Kraft Foods Group (UNKNOWN:KRFT.DL) provided investors with a financial update after Thursday's closing bell. Here's what you need to know about the company's recent earnings release.
1. Mixed bag of results
Kraft's profit rose in the second quarter, but its revenue slipped on weak sales of cold cuts, salad dressings, and Jell-O. The company attributed its drop in sales to a number of factors, including lowered beverage prices as a result of increased promotions. Pointing to a one-time benefit related to its pension plans, the maker of Oscar Mayer and Miracle Whip raised its full-year earnings outlook. Yet Kraft expects its 2013 revenue to grow at the same rate or slightly lower than the overall North American food and beverage market.
The decline in sales comes as Kraft looks to find its footing as an stand-alone company after splitting from Mondelez International last October. Kraft took the North American grocery business while Mondelez retained the higher-growth global snack business, including Oreo, Nabisco, and Cadbury brands. Since the corporate split, though, Kraft's stock is up an impressive 34%, vastly outperforming Mondelez's 20% return. By comparison, the overall stock market is up roughly 16% during that same period.
2. Management focused on the right measures
Like most mature consumer products companies, Kraft's management is prioritizing profitability over revenue growth.
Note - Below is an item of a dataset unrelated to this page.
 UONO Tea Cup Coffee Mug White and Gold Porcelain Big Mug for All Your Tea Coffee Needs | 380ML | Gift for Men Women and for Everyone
Since the spinoff, Kraft has focused on operating a leaner, more cost-efficient organization, by concentrating on return on invested capital and free cash flow. After cutting jobs and other expenses, the company has emerged with a much leaner cost structure. But Kraft is susceptible to volatile commodity costs and budget-conscious consumers, who're increasingly switching to private-label food and beverages.
3. Its biggest challenges aren't going away
One of Kraft's largest threats is the changing landscape of the grocery market. Private-label and other big-branded competitors constantly pressure Kraft's highly commoditized categories. Since private-label goods typically cost consumers 20% to 40% less than branded ones, frugal customers increasingly fill their grocery carts with them. In order to effectively compete with private-label and other branded competitors, Kraft must relentlessly launch new products, distinguish their value proposition, invest in core brands, and fine-tune pricing strategies.
Foolish bottom line
Kraft faces a tough battle as it fights for market share and defends its brands in an increasingly commoditized food and beverage industry. Management appears focused on the right metrics, but time will tell if its efforts translate into long-term, sustainable results.